Australia's six largest deserts are the Great Victoria Desert (134,650 square miles), the Great Sandy Desert (103,190), the Tanami Desert (71,200), the Simpson Desert (68,100), the Gibson Desert (60,000) and the Little Sandy Desert (43,100). These all occupy an area that stretches from the west coast to a little more than half–way across the land mass. The Tanami is the most northerly, the Great Victoria the most southerly, the Great Sandy the most westerly and the Simpson the most easterly.
The name Tanami is thought to be an anglicisation of the aboriginal name for the area, Chanamee, meaning 'never die'. This refers to certain rock holes in the desert which were said never to run dry.
The Gibson and Little Sandy deserts lie between the Great Victoria and the Great Sandy. So clockwise from the top, they are the Tanami, the Simpson, the Great Victoria, the Gibson, the Little Sandy and the Great Sandy.

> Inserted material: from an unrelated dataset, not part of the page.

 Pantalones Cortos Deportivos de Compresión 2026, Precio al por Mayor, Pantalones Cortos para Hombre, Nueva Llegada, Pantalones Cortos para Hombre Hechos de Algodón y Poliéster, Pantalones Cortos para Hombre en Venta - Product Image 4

A picture is worth a thousand words, so here is a link to a map on Wikipedia. This shows that Uluru (a.k.a. Ayers Rock) is in the far south–eastern corner of the Great Sandy Desert, and the town of Alice Springs lies in a less arid area between the Great Sandy and Simpson deserts. Both (Uluru and Alice Springs) are close to the centre of the desert areas.